In the past he had ridden with the King’s host from Leeds in Kent up to Scotland, and over all the lands between. He had seen enthusiastic forces gathered; he had seen the shattered remnants of all-but-destroyed ones. The cheery, the furious, he had seen them all. But never before, not even when he had ridden back with his men from the north, when they had been roundly defeated by The Bruce, had he seen their mood so sombre.

Here the men moved about the remains of this village like lost souls. Such a small number… When they left London there had been hundreds. Now, perhaps one hundred remained. No more. They stumbled as they walked, exhausted. Cold and wet, they had taken every item of wood from this vill, even down to the cottage doors, in order to feed their fires, but the flames would not give them any cheer. This force was defeated before a single sword had been drawn.

CHAPTER FOUR

Second Saturday after the Feast of St Michael[8] 11 October 1326

Near Marshfield

Paul yawned as he came out of his little cottage. He had run out of bread and had to walk down to the vill, as the Abbot was most insistent on maintaining his rights here.

It was the Abbot of Tewkesbury who owned the benefice of this vill, the manor, and the mill; all those who lived here must take their grain to his mill down near Marshfield. The miller, generally a hated individual and viewed by all with suspicion, would take his tenth of the flour after milling, and from his efforts each year, a due was given to the Abbot.

Paul had only a small sack with a few pounds of grain in it, but he hoped it would be enough for two or three loaves. With fortune, he would be able to acquire some more flour before long, but there was no doubt that this would be a very thin winter. Not so bad as when he was a youth and the great famine had struck at the kingdom, but still not good.

It was almost noon when he set off on the short walk to Marshfield. It was only some three miles to the mill, and he was in no hurry, but the act of walking did at least keep him warmer. He had to loosen his neckcloth after the first mile or so.

The lands here to the north of Marshfield were uniformly flat and tedious, he always felt. His little church was in the midst of them, and while there were excellent pastures, there was no protection from the wind that came from the north and east. He had already grown to hate that wind. It cared nothing for obstacles, whether flesh, clothing, or even wattle and daub. Whatever it struck, it chilled.

South from the vill, the land was more pleasing to his eyes. It was rolling farmland, leading to good woods, and hills undulating into the distance. This scene never failed to please him as he took it in.

On his way, he had to pass a cottage with a blackthorn bush tied into a bundle and bound to a pole above the front door – the universal sign of a home with ale to sell.

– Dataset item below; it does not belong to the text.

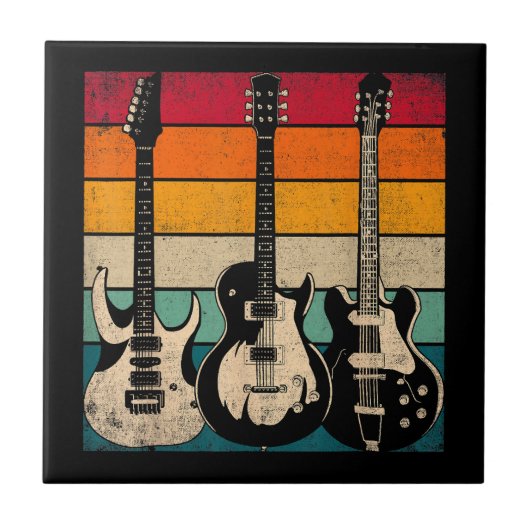 Retro Guitar Tegeltje (Voorkant)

Paul went to the door and knocked.

‘Yes? Oh, Father, do you want a drop?’ Anna asked.

She was a short, plump woman with a cheery face and thick, powerful hands. Paul smiled as Anna fetched him a large earthenware jug, and he drained a cupful in a moment standing by her fire.

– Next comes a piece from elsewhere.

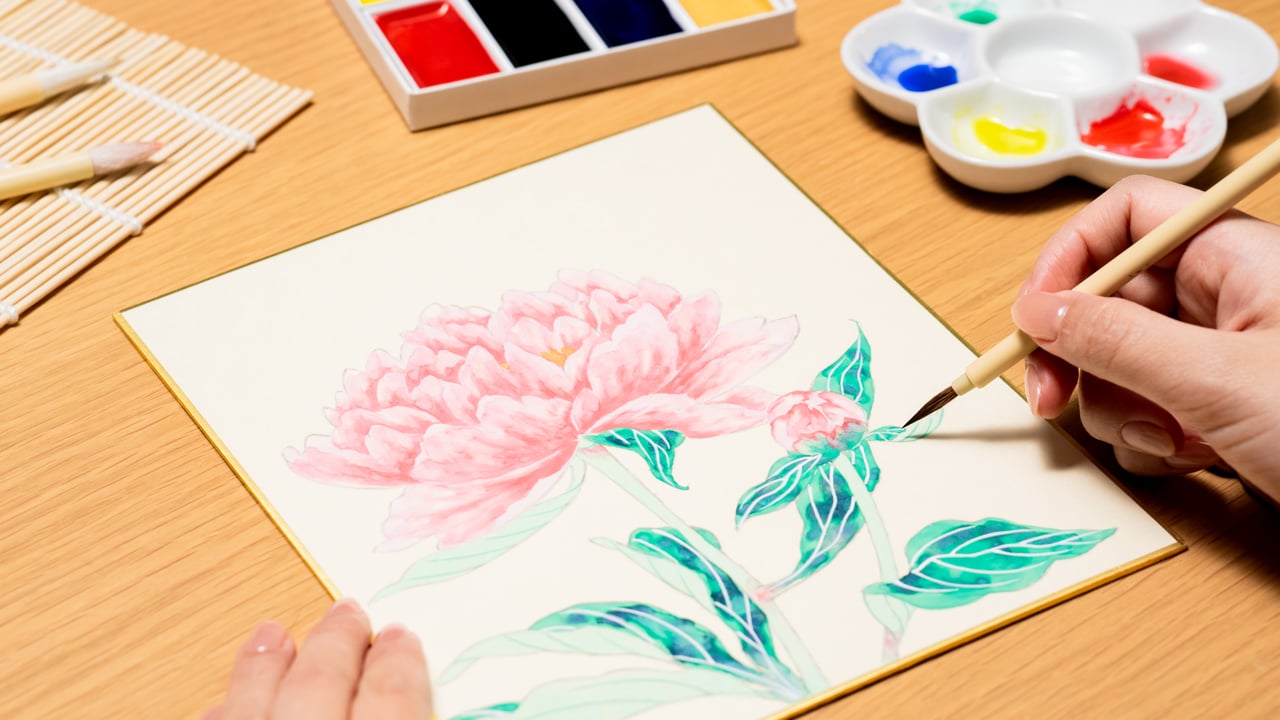 はじめての日本画〜顔彩で芍薬の花を描こう〜 – Lakit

‘Come, Father, you can sit. You’re an honoured guest for us here, you are. Please, take the stool.’

‘Anna, I spend my life sitting and kneeling. Do you want me to grow as fat as the Abbot?’

Speaking of the Abbot in such a derogatory way was not seemly, but he knew the peasants here detested the man for his taxes. There was nothing so mean that the Abbot wouldn’t take it. Whether it was the leyrwite , the tax for adultery, or the heriot when a peasant died, the local people were fleeced like sheep. It was cruel to take so much from those who had the least.

There was a sudden crash at the door, and it rasped open slowly, Anna’s little husband entering with a small sack upon his back. He carried a couple of faggots of twigs in one hand, both balanced on a billhook’s blade.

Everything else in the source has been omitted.